A sequence of equilateral triangles is drawn. The altitude of each is $\sqrt{3}$ times the altitude of the preceding triangle, the difference between the area of the first triangle and the sixth triangle is $968 \sqrt{3}$ square unit.
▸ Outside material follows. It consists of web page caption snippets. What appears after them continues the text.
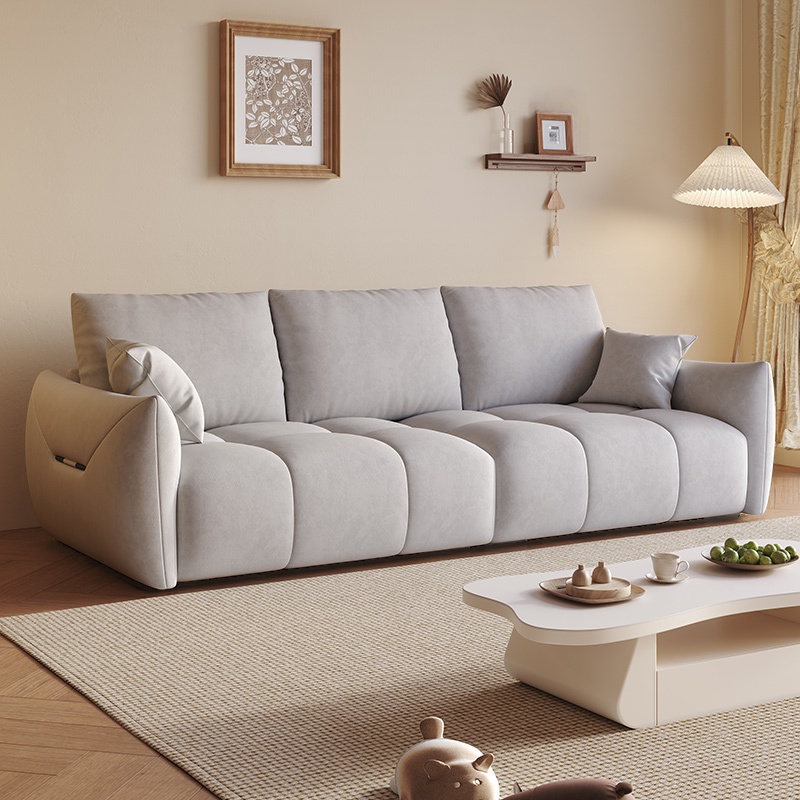 Modern Solid Color Scratch-defiant Standard Sofa in Light Gray/Emerald Green/Auburn, 3-seater with 2 Pillows - image 10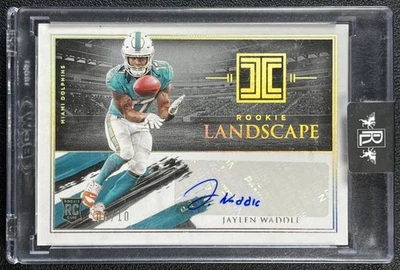 JAYLEN WADDLE 2021 PANINI IMPECCABLE ROOKIE LANDSCAPE GOLD RC AUTO /10 DOLPHINS - Image 1 of 2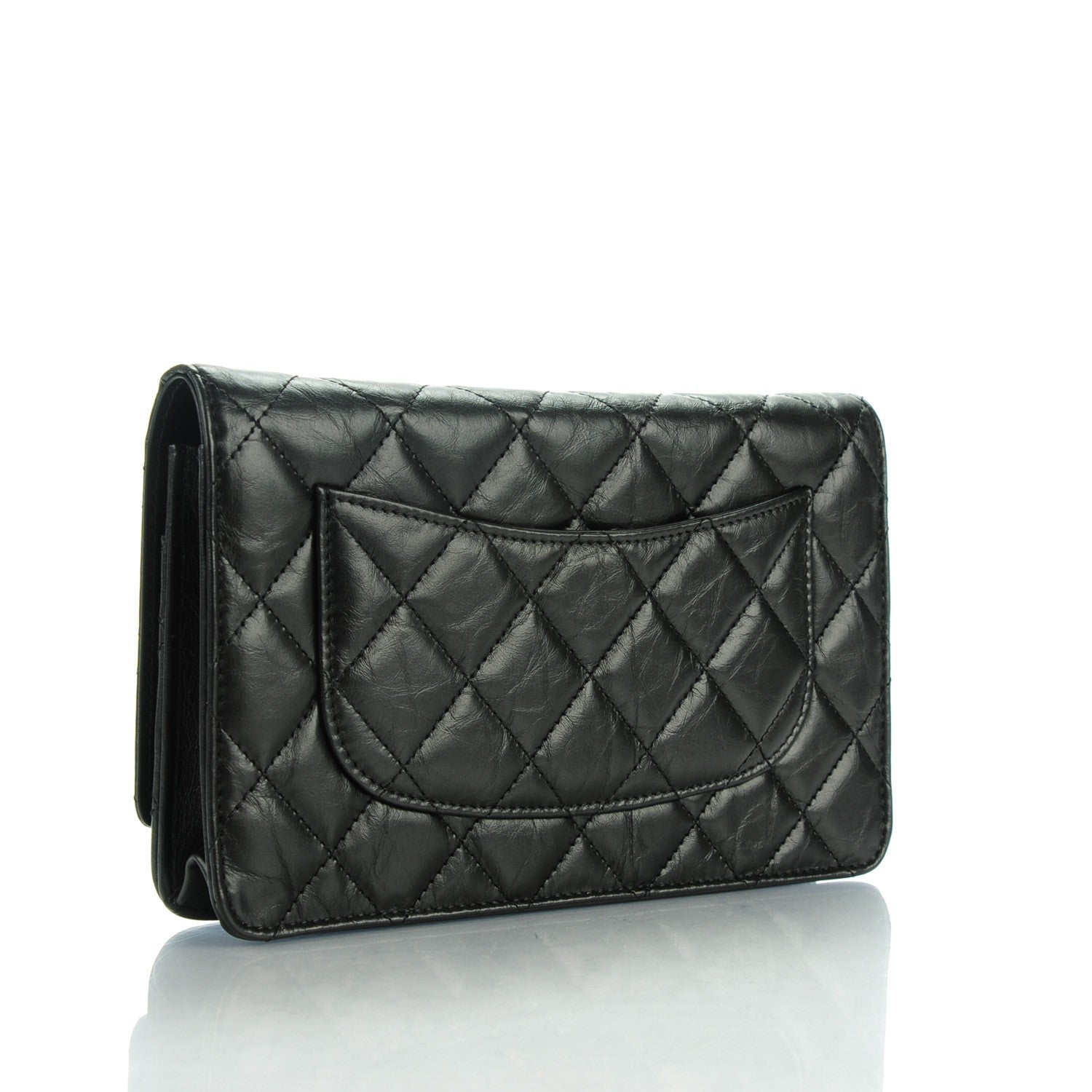 Chanel Aged Calfskin Casino 2.55 Reissue Wallet on Chain WOC Black 3 of 8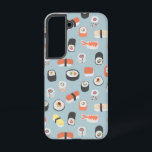 すし日本の柄 SAMSUNG GALAXY S22ケース<br><div class="desc">アヒルの卵の青い背景に転がすし、巻き、にぎりデザインを施した日本の料理。オリジナルアートby Nic Squirrell.</div>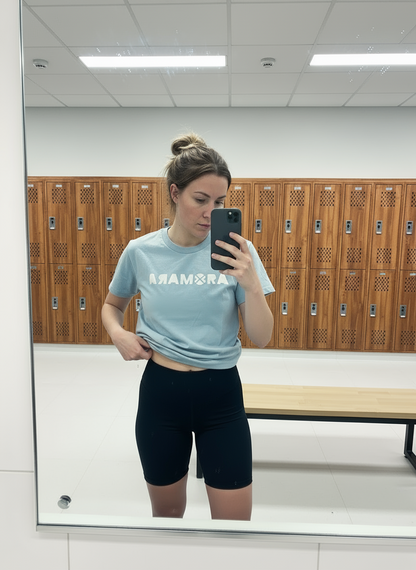 Relaxed Boxy Tee - Premium 100% Combed Cotton - IHAMORA Aura LOGO - White & Blue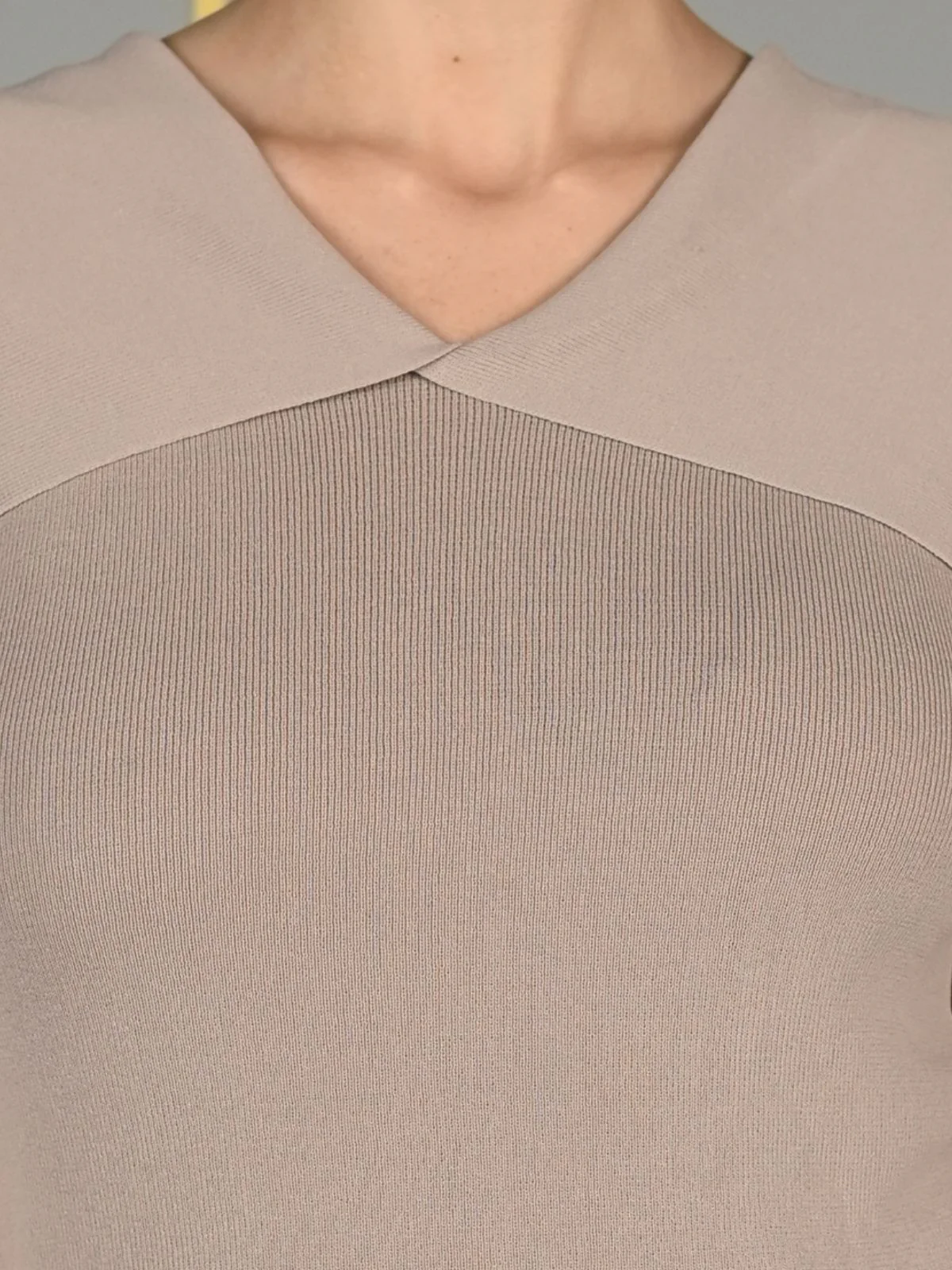Odette Beige Viscose Rib Lycra Top For Women - Image 5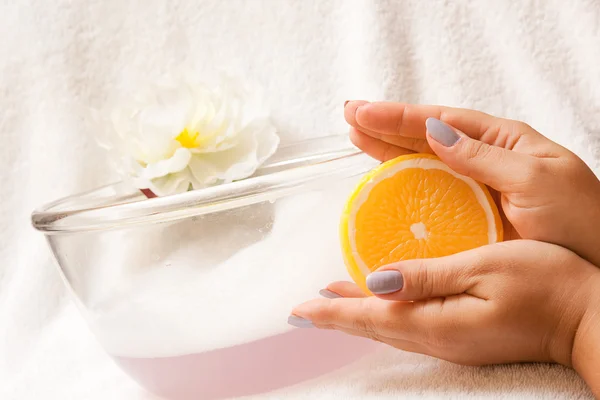 Elegance woman hands holds soap — Stock Photo, Image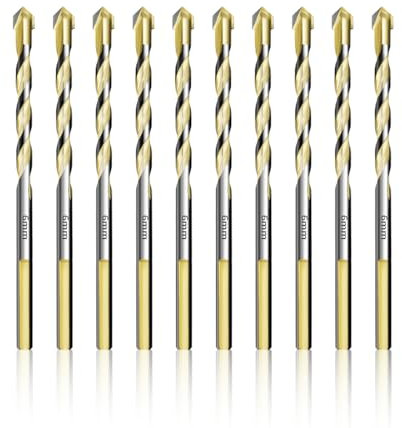 Teronbeta Fliesenbohrer 6mm x 10pcs Glasbohrer Keramikbohrer mit Hartmetall Spitze für Fliesen, Keramik, Mauerwerk, Glas, Porzellan, Wandfliesen, Dachziegel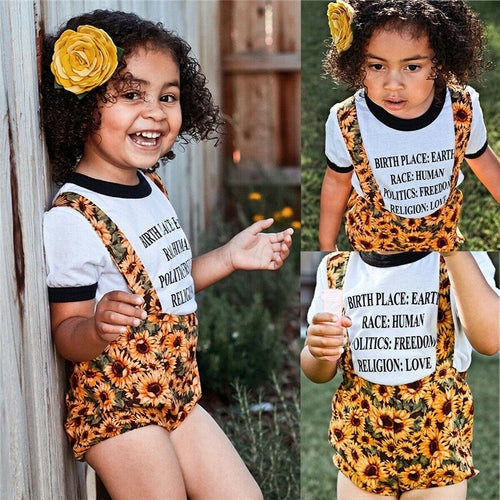 3pcs Toddler Kids Baby Girls Clothes Summer Letter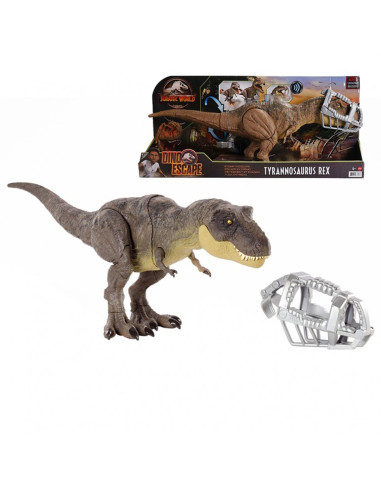 Figura mattel jurassic world dino escape tyrannosaurus rex pisa y ataca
The perimeter of the first triangle is

• A. 10
• B. 12
• C. 16
• D. 18

Answer 1

Answer: (B)

Let the altitude of the $1^{\text {st }} \Delta= h$
altitude of $2^{\text {nd }} \Delta=\sqrt{3}$ h
$3^{\text {rd }} \Delta=3 h \text { etc. }$
now side of the $1^{\text {st }} \Delta$ is ' $a ^{\prime}=\frac{2 h }{\sqrt{3}}$
$\therefore a _2=\frac{2}{\sqrt{3}} \cdot \sqrt{3} h =2 h $
$a _3=2 \sqrt{3} h$
$\text { Mly } a _6=18 h $
$\text { now } \frac{\sqrt{3}}{4} \cdot(18 h )^2-\frac{\sqrt{3}}{4} \cdot \frac{4 h ^2}{3}=968 \sqrt{3}$
$ 81 h ^2-\frac{ h ^2}{3}=968 \Rightarrow \frac{242 h ^2}{3}=968 \Rightarrow h ^2=12 \Rightarrow h =2 \sqrt{3}$
$\therefore a =\frac{2}{\sqrt{3}} \cdot 2 \sqrt{3}=4$
$ \text { perimeter }=12$